Texas law requires public employees who are fired by their employing agency to pursue internal appeals of that decision. Otherwise, they can’t sue in state court over alleged wrongful discharge for whistle-blowing.
Government employers should make sure they raise that defense if they don’t have any record of the worker making an internal appeal.
Recent case: Vickie claims she was punished in retaliation for telling police that she had been asked to falsify financial records for the city of Bertram to show compliance with the conditions of a grant. She recounted that the city relieved her of some duties and reduced her to a part-time position.
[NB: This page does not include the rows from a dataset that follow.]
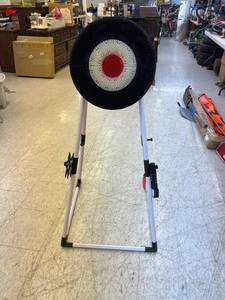 lot 377 image: Axe Throwing Game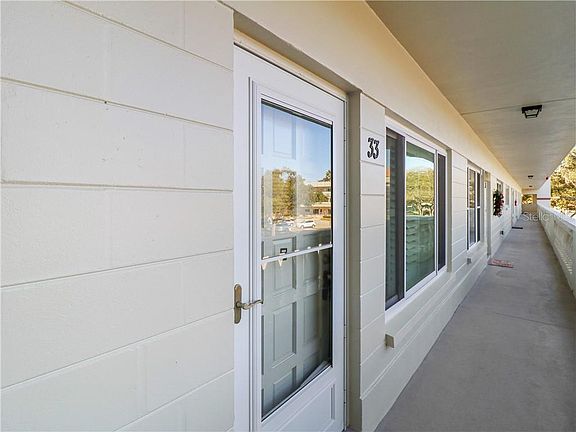 2nd image of 2285 Norwegian Dr APT 33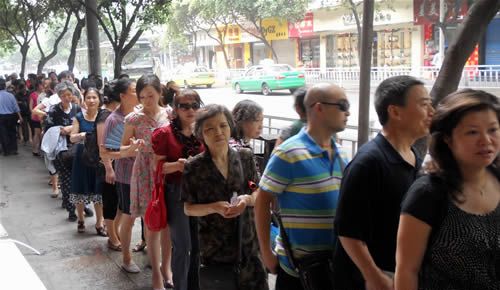 建党90周年纪念币今日发行&nbsp;受市民追捧(图3)
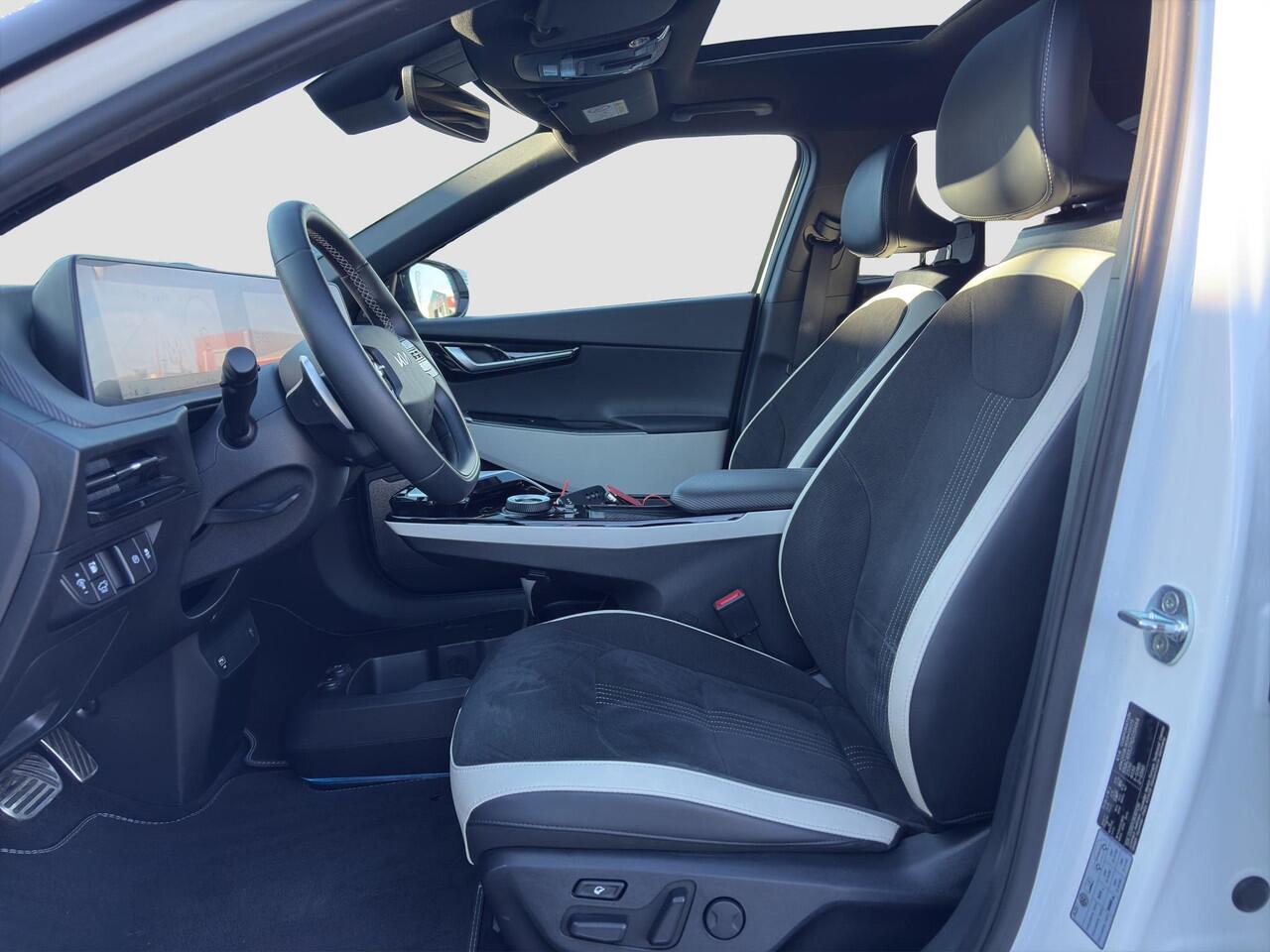 KIA EV6 GT-Line AWD 77.4 kWh Pano | HUD | MeridianSound | 360-Camera | Alcantara/Leder | Memory Seats | Stoelverkoeling | Apple Carplay & Android Auto | SOH 100%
She sued, alleging retaliation under Texas’ Whistleblower Act. The city of Bertram argued that Vickie couldn’t sue because she hadn’t appealed the decision through the city’s grievance process, as required by the Whistleblower Act.
The court agreed Vickie had to appeal and have that appeal turned down before she could sue. The court told her she has to show what the appeal process was and that she had complied with it. (City of Bertram v. Reinhardt, No. 03-14-00296, Court of Appeals of Texas, 2015)
Final note: Do you work for a government agency? Make it easy for employees to figure out how and where to file a grievance about a personnel action. For example, routinely log appeals to help you counter claims that an employee did use the process. No record of an appeal? Then no lawsuit.